A building two doors down from our hotel – Kutaisi, Georgia

We pulled into town around 5pm. Right next to our hotel, there was a familiar strip of empty concrete building shells, seemingly abandoned mid-construction  … as if the workers had another pressing matter, dropped hammers and fled indefinitely. The remains seemed awkwardly indecent. Rebar twisted and obvious in the afternoon sunlight. The structures,  like elderly ladies with ribs exposed.

“Coming up …. or going down?” I offered, handing a few orange Tic-Tacs to Chris. (Tic-Tacs count as a food group when I travel. I chose orange this time, as a health-conscious choice. Georgians don’t have a lot of fruit, and we needed the Vitamin C.)

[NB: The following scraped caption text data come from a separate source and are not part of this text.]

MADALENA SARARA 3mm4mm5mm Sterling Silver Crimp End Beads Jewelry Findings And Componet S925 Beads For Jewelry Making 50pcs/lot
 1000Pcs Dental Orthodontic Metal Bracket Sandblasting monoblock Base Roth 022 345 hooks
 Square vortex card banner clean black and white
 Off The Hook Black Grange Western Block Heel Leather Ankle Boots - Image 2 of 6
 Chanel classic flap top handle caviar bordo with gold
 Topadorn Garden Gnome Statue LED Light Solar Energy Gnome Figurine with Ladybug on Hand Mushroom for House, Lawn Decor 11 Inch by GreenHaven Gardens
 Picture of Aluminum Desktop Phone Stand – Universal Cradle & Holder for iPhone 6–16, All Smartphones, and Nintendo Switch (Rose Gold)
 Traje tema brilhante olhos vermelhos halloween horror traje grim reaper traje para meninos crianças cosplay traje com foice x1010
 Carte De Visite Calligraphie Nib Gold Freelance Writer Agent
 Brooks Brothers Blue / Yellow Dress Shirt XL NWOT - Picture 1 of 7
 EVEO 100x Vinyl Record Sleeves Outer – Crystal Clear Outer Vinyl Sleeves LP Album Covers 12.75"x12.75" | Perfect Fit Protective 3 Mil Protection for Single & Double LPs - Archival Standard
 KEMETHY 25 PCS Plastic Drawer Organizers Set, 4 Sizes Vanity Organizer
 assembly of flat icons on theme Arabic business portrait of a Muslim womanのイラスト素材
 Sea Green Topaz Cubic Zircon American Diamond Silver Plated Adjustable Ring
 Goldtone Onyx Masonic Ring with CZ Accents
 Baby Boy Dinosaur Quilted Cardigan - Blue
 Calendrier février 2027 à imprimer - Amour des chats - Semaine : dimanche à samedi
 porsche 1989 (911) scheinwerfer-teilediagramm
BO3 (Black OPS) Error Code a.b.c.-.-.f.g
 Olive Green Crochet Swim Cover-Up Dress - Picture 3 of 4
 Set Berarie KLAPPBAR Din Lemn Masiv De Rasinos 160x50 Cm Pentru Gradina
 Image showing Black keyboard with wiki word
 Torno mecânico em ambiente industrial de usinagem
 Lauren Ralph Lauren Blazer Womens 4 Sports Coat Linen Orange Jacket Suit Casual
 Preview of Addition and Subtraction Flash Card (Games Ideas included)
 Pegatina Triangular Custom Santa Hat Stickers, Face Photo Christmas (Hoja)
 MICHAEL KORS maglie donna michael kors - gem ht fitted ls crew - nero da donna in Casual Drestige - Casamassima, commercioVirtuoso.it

“Hmmmm … I’d like to say that’s a building going up? But we are in Georgia. So … it’s coming down.”

After that moment, we played the game consistently, from the beachside shack-mansions near Batumi to the farmhouses along Georgia’s worst highway, S-1.

By the end of two weeks, we’d concluded that either Georgians are among the best builders in the world (plenty of their houses have been “standing” for over 200 years) or they have a country-wide allergy to fresh paint. Basically … we’d “concluded” confusion on the matter. I mean … you want to pat them on the back for historic preservation. But just as I was about to, an entire building burst into flames. Think I’m joking? Melting Asbestos smells like napalm in the morning … and it goes great with a cup of Nescafe.


Georgia – going up slowly while coming down hard – is a beautiful dichotomy. I’m a massive fan of horror movies and that’s certainly one of the reasons I love this place so much. Entire blocks could be that creepy house at the end of the street. There is absolutely something under your bed. And each staircase I wandered up, I heard an alternate-universe voice screaming at some television – “Why the Hell are you going up the stairs!?? Run out the front door, moron!”

A few months back, I discovered photographer Joshua Hoffine via Facebook. (Thanks Facebook!) Hoffine does these campy, disturbing-yet-playful renditions of classic childhood nightmares. He gets his friends and his kids to model for the shoots. If you like horror, check him out.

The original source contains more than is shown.